Lock Haven, PA., Thursday, November 8, 1888



Cook's Run, this County, the Scene

of the Explosion




Only a Few of the Unfortunate Men

Escaped Death




The Mangled Victims - A Terrible

Scene - Five Injured - Coroner

Mader Leaves for Cook's Run -

Particulars of the Accident

The Williamsport Gazette and Bulletin on Monday contained the full particulars of the terrible accident at Cook's Run, this county, on Saturday afternoon, and we adopt them as being as complete as anything that can be given. That paper says:

"A telegram was received in this city at 6 o'clock Saturday night stating that a terrible disaster had occurred at Cook's Run, Clinton county, in the mine of the Kettle Creek Coal and Mining Company. The dispatch, which was from Superintendent George L. Miller to J. C. Russel, stated that the explosion occurred in the new drift, and that a number of men had been killed. Later dispatches brought to light the fact that the explosion had been accompanied by a frightful loss of life, no less than fifteen men having been killed outright, and several others seriously injured.


The accident occurred about 4 o'clock in the afternoon, when a dull, rumbling report was heard. Superintendent Miller hurried to the scene, and upon arriving at No. 2 mine found that the explosion had occurred there. Prompt assistance was summoned, and air was immediately forced to the face of the works. As soon as practicable men entered the mine, and feeling their way along the grimy passageways into the drift, met a terrible scene. Dead bodies were lying around convulsed and distorted by their dying agonies. The scene was a terrible one to gaze upon. The corpses were lying around in every direction. Te rescuers gave immediate attention to the wounded, who were writhing in their torture. The search revealed six injured, one of whom died soon after being removed, and it is feared that one or two more will die. In an hour fourteen dead bodies had been recovered.

Samuel Killinger, Patrick Donnelly, Michael Curran and J. Carlson were the only English speaking men among the killed, the others being Italians and Hungarians.


Prompt attention to the injured was given, Dr. Weymouth, of Renovo, and Dr. Brennan, the mine physician, doing all in their power to relieve their sufferings. Undertaker Beck took charge of the bodies, and prepared them for burial. Two or three who were in the mine escaped miraculously.

J. Farrel, a driver, was entering the drift at the time of the explosion. He was thrown violently towards the mouth, but strange to say was not hurt. The mule that he was driving was killed. The force of the explosion may be imagined when it is stated that several of the bodies were blown clear out of the drift.

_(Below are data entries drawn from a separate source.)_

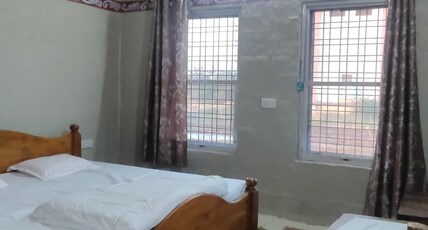 Diamond Valley Homestay Room Type - Bedroom 1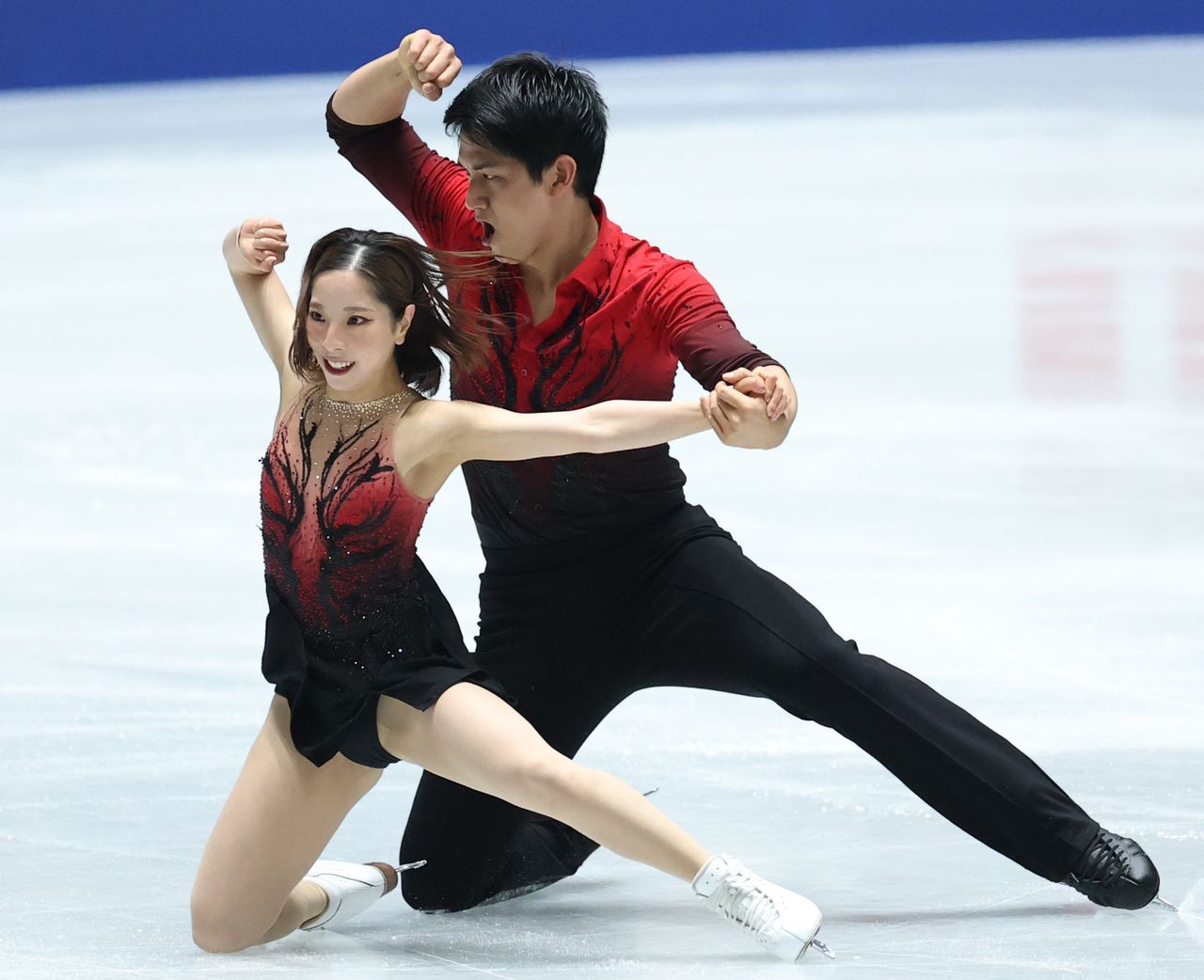 Miura Riku (left) and Kihara Ryūichi performing in the pairs short program at the Japan national championships on December 20, 2025, at the Yoyogi National Gymnasium, Tokyo. (© Jiji)
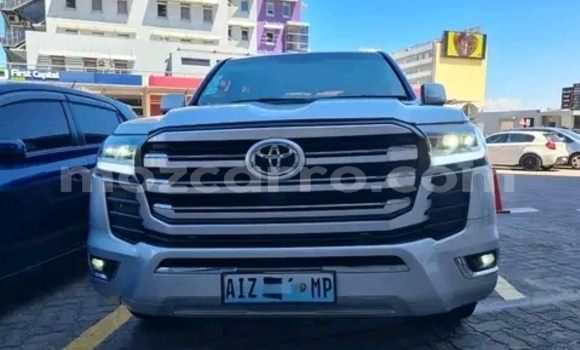 Nunua Ilio tumika Toyota Land Cruiser Nyeupe Gari ndani ya Maputo nchini Maputo Nunua Ilio tumika Toyota Land Cruiser Nyeupe Gari ndani ya Maputo nchini Maputo
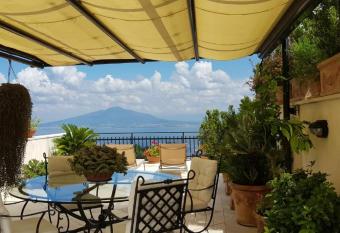 Una vedetta sul mare has Balcony rooms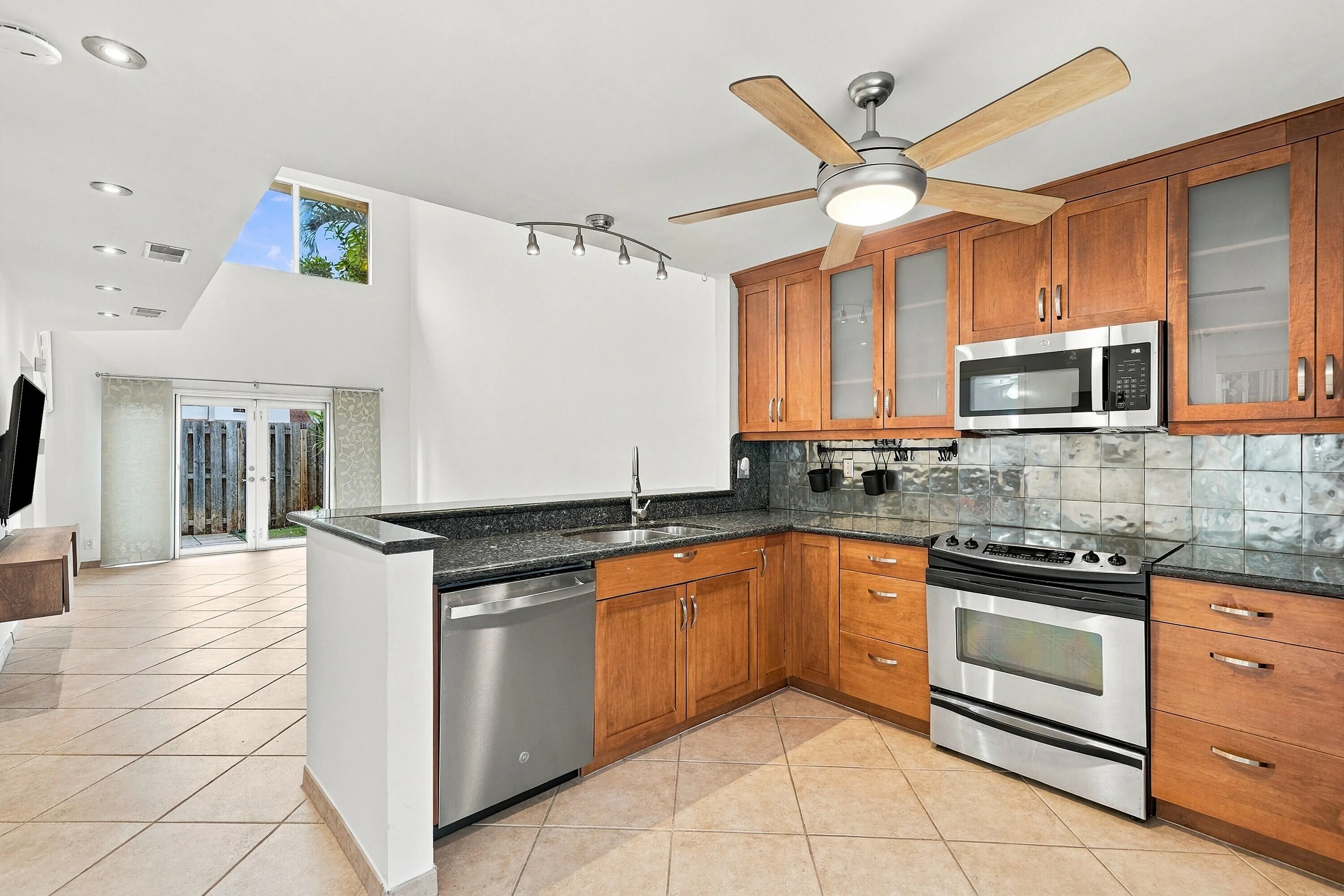 341 City View Drive, Fort Lauderdale, Florida 33311 — photo 12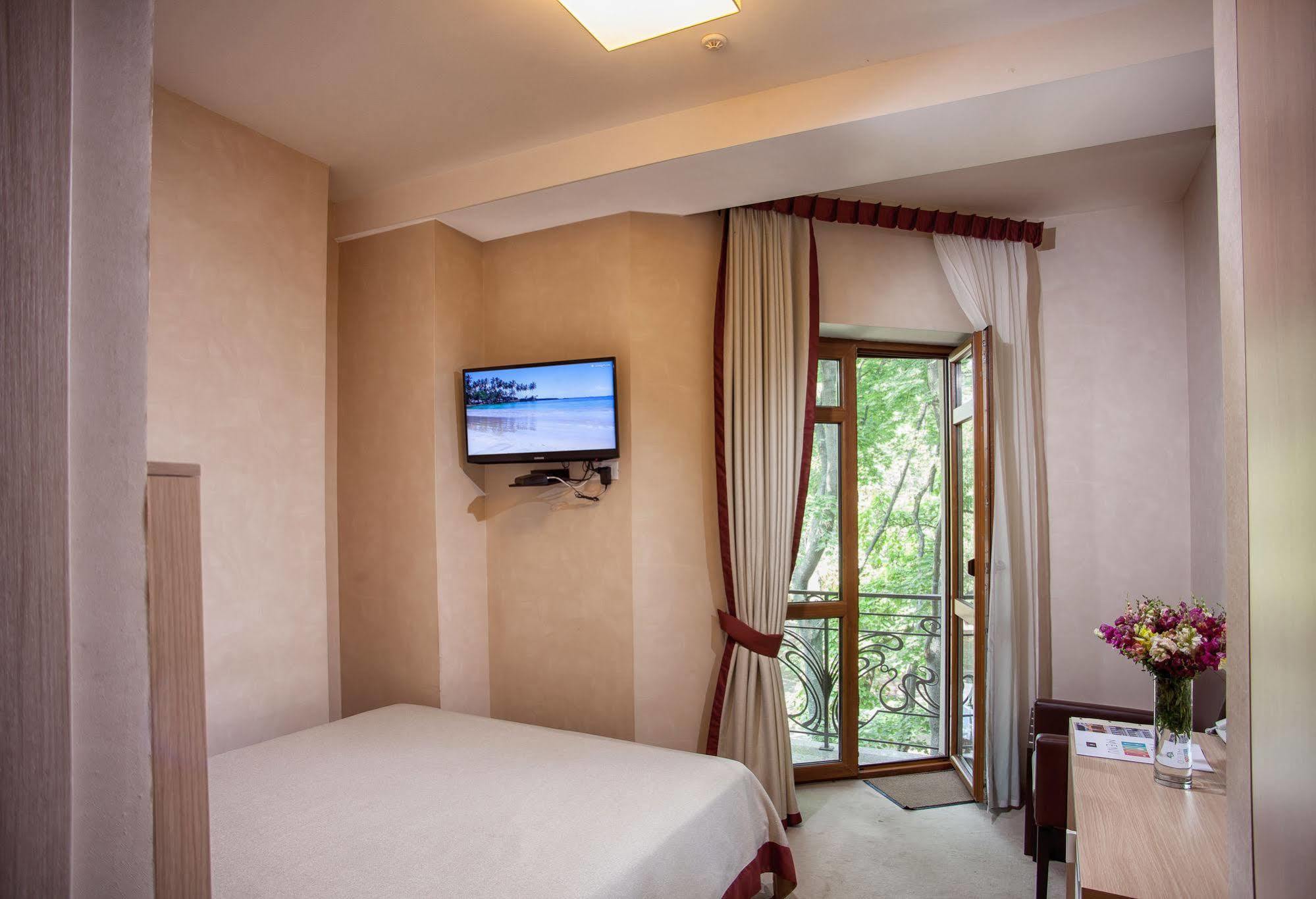 Boutique Hotel Palais Royal Odesa Habitación foto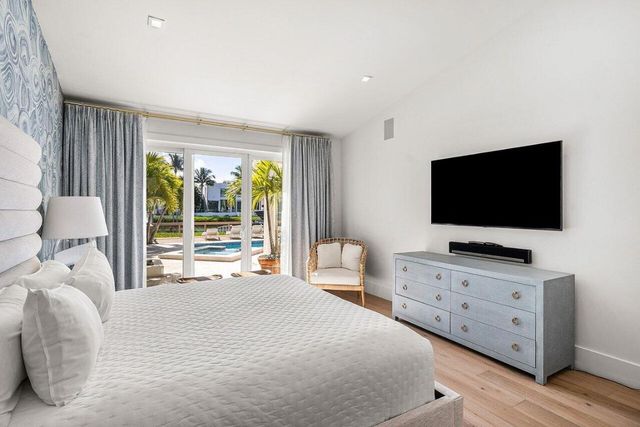 215 Island Drive, Jupiter, FL 33477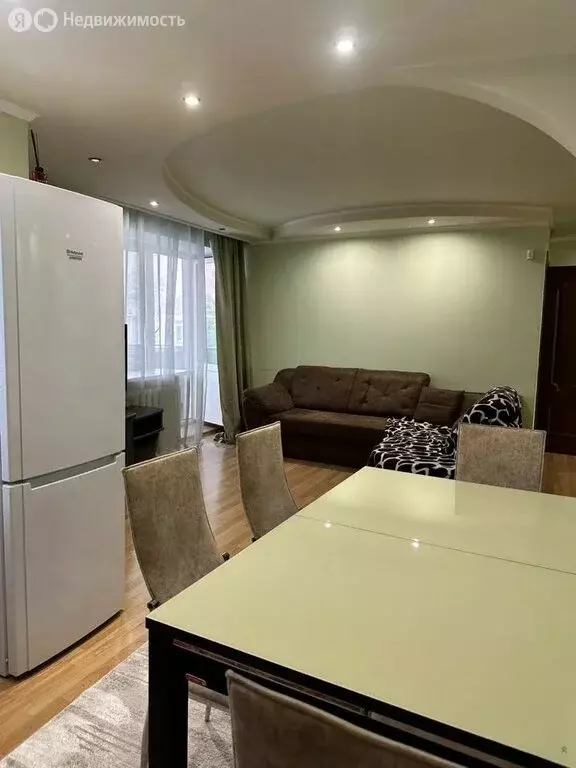 2-комнатная квартира: Тюмень, улица Водников, 12 (74.7 м) - Фото 0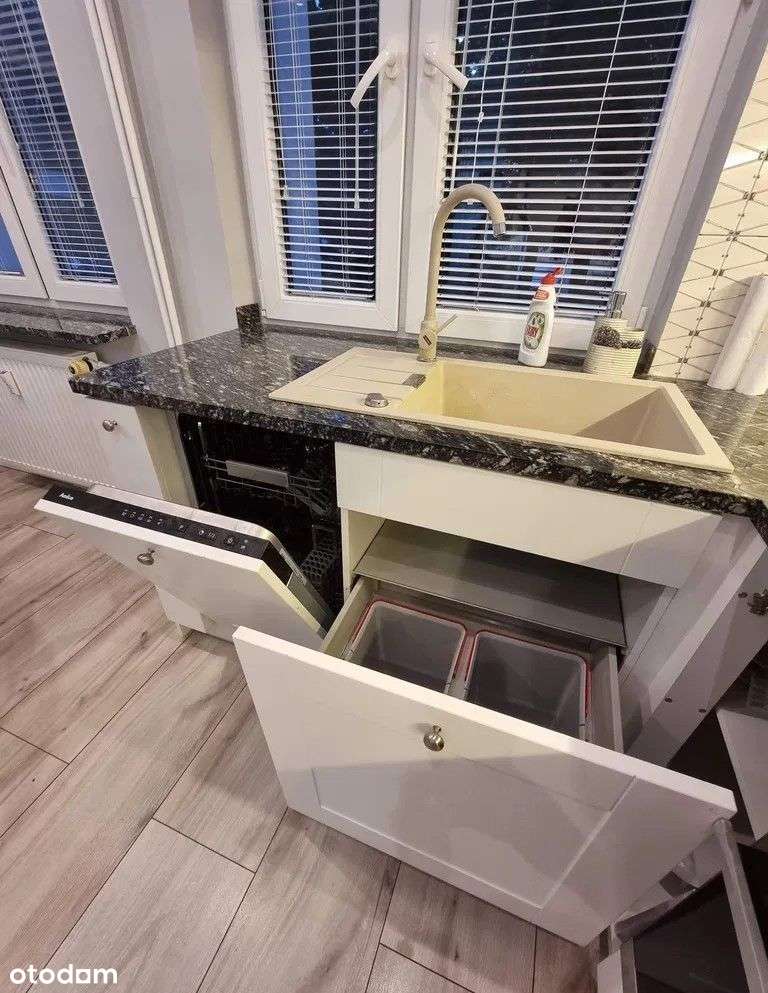 os. Pod Lipami, 2 pokoje + jadalnia - Pełny obrazek: 4/11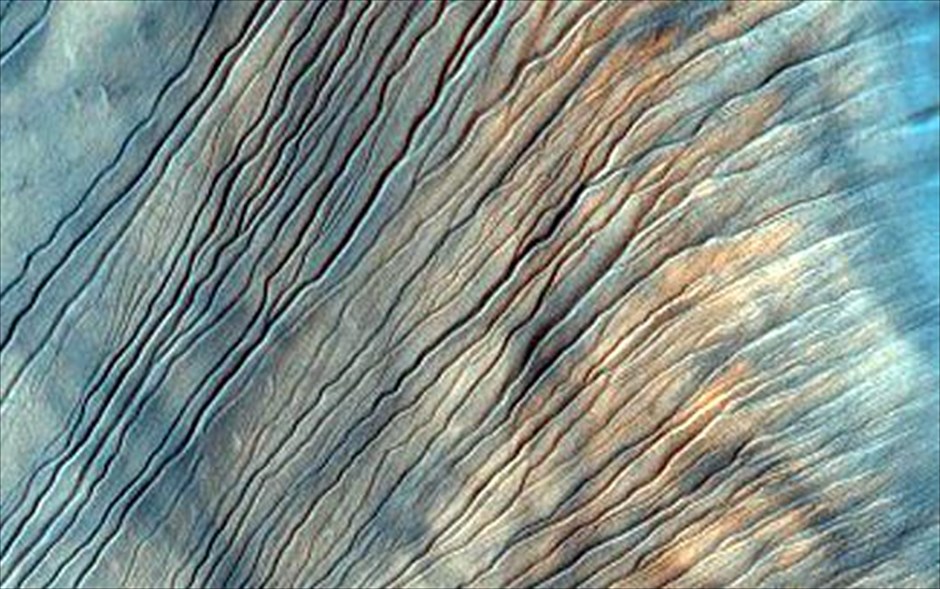 Mars Reconnaissance Orbiter: 10 χρόνια σε τροχιά γύρω από τον Άρη. Αμμόλοφοι καλυμμένοι από πάγο διοξειδίου του άνθρακα.
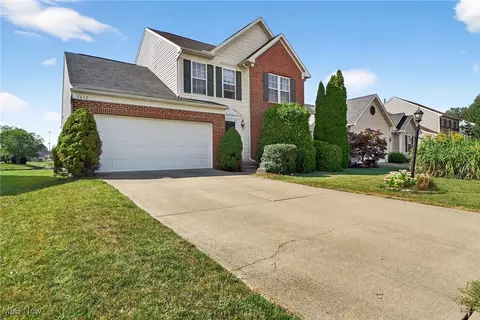 5442 Fountain Cir, North Ridgeville, OH 44039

The general theory is that in making a blast a gas feeder was struck, filling the space with gas, which, coming in contact with a naked lamp caused the explosion. It was one of those things which no one could foresee, and no blame is attached to any one. By a gas feeder is meant a pocket of gas imbedded in the coal, which as soon as a pick is struck into it, escapes and explodes.

The mine inspector was immediately telegraphed to, and was expected to arrive on the first train. The Coroner of Clinton county was also summoned to hold an inquest. The general talk among the miners is to the effect that the ventilation was good, and the mines were well supplied with air appliances.


The general offices of the Kettle Creek Company are located in Williamsport. Captain David Bly being the President. The mines have been operated since last spring, the coal mined being bituminous.

Information received yeaterday was to the effect that seventeen men in all were dead. All arrangements had been perfected for the funerals of the victims which will take place to-day.


A special says that among the rumors is one that the explosion was caused by the inexperienced use of dynamite, a hundred sticks of which were purchased by an Italian, but who was unable to get a fuse, and it is supposed he tried to set it off in some other way. Wesley Smoke and John and Aaron Anderson were badly injured but will recover."

Coroner Mader, of this city, went up to the scene of the disaster Monday and the mine inspector was also looked for. A surveying party Sunday found the body of a naked man fifty feet from the air hole.


Our Renovo correspondent sent us the following additional particulars Monday:

There are fourteen men laid out, all lying close together, in the blacksmith shop at the mines, and two are with their families. They are burned so bad that they are beyond recognition. Undertaker Beck went up with sixteen coffins last night which nearly filled the baggage car.

There were no less than two hundred people at the mines yesterday and a number went up on the mail this morning. An inquest is being held this morning. Three will be buried at North Bend to-morrow afternoon and eight at Drury's Run. I got the report from the superintendent of the mines. It is impossible to get the names. There were Swedes, Hungarians, and Irish. One man was shot seventy-five feet up through the shaft and there were clothes out on the trees on the top of the mountain. The owners of the mines went up on the mail this morning.